**Required action**
Reproduce exactly, and only, the lines of the material below running from the line bearing "3D Antique Safe" through the line bearing "forumsettings.webp". Leave any pictures out.

**Data provided**
= = = =
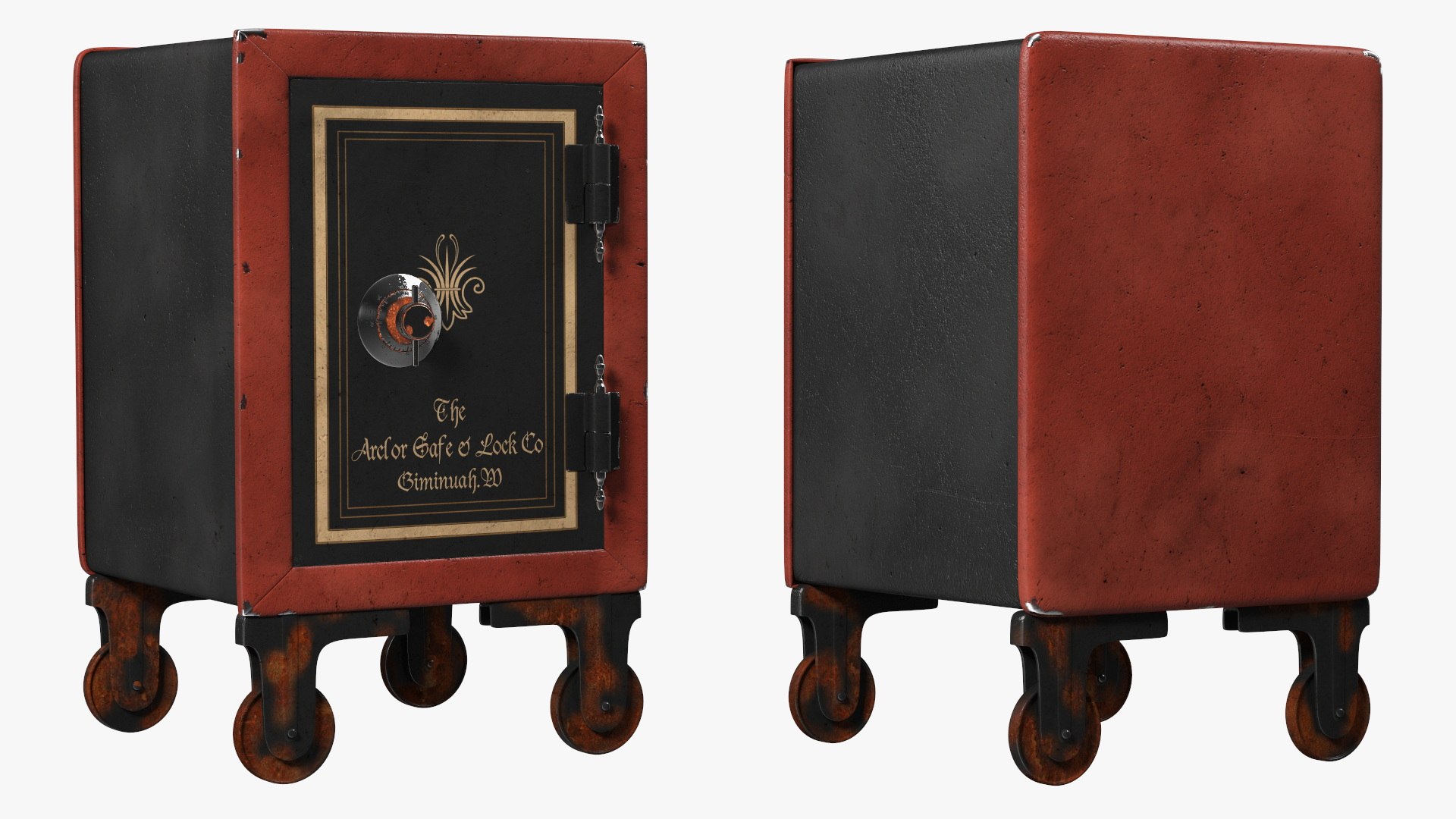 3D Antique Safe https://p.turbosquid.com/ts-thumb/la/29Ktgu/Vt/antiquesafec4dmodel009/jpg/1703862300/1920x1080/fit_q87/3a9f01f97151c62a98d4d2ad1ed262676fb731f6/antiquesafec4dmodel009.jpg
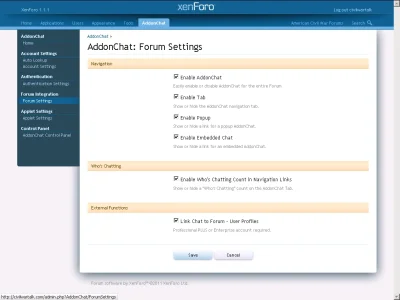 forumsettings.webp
= = = =
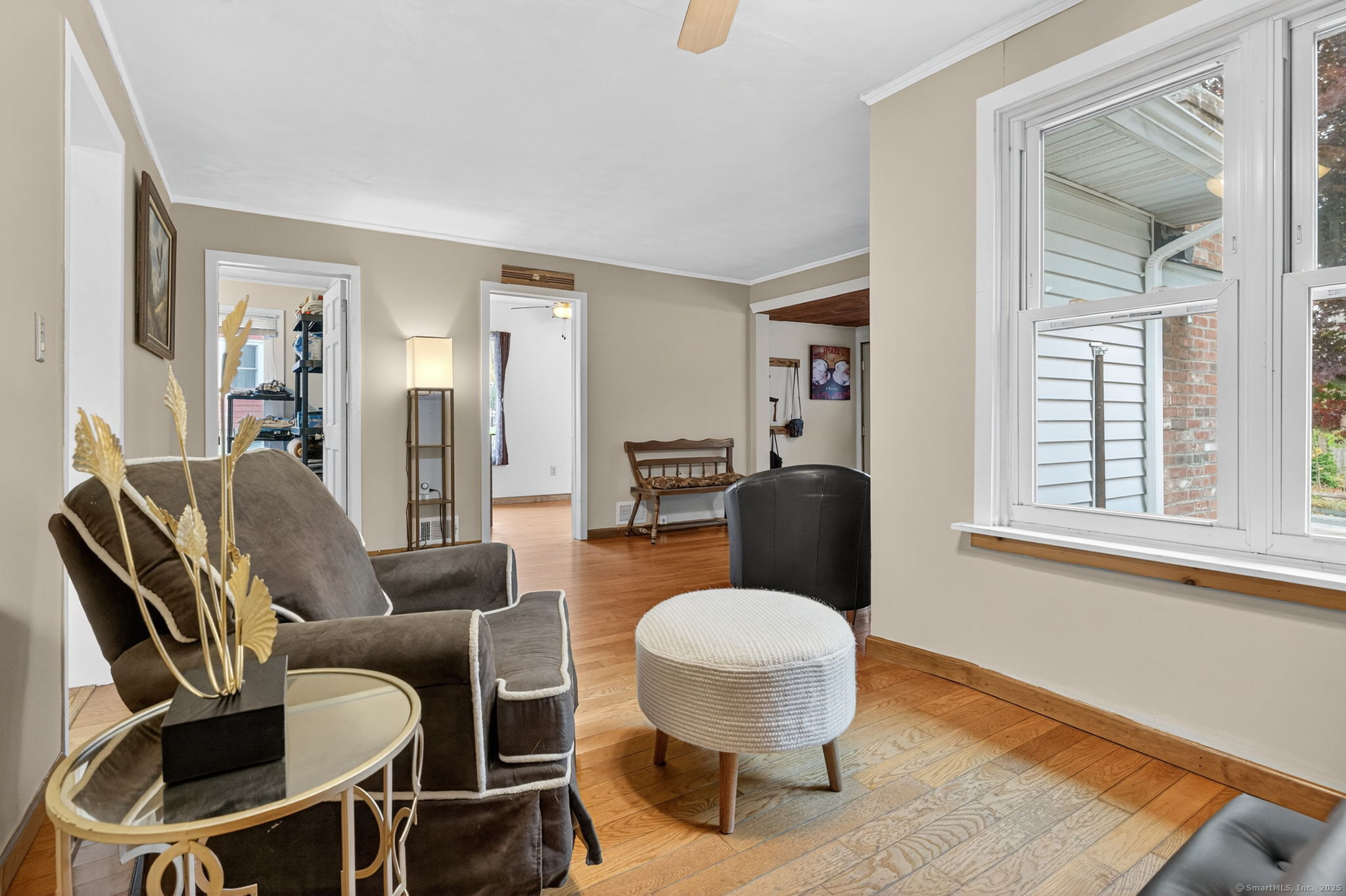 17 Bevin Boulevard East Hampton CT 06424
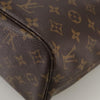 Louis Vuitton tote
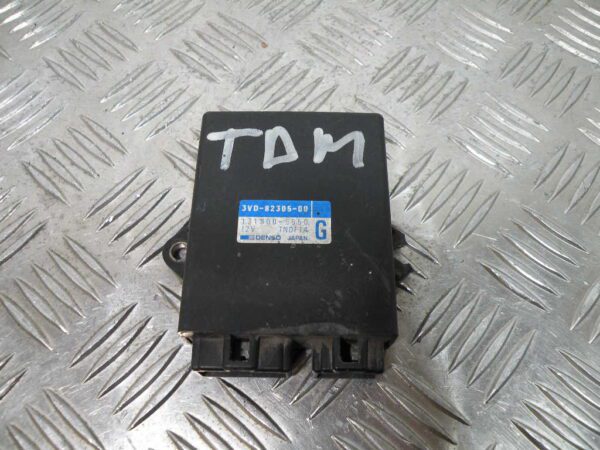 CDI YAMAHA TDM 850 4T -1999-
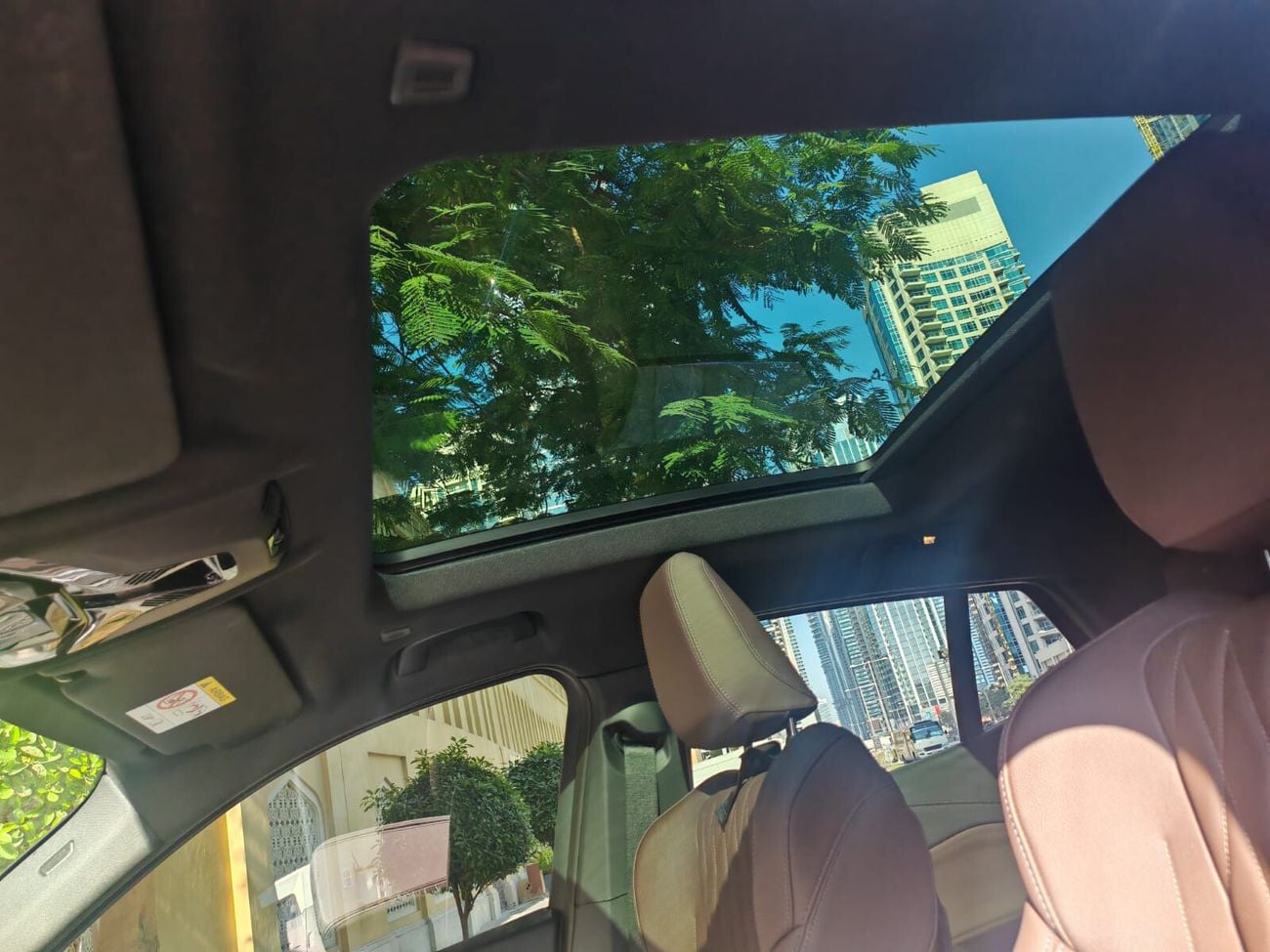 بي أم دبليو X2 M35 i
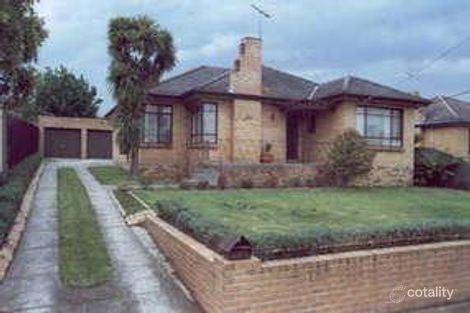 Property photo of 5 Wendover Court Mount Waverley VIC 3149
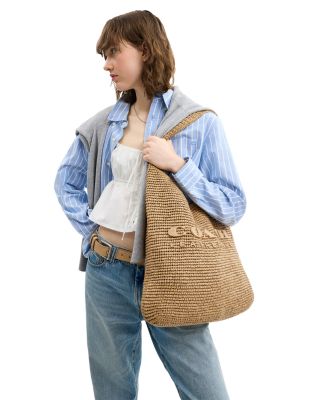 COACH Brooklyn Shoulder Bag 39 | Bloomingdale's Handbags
= = = =
**Your response**
 3D Antique Safe https://p.turbosquid.com/ts-thumb/la/29Ktgu/Vt/antiquesafec4dmodel009/jpg/1703862300/1920x1080/fit_q87/3a9f01f97151c62a98d4d2ad1ed262676fb731f6/antiquesafec4dmodel009.jpg
 forumsettings.webp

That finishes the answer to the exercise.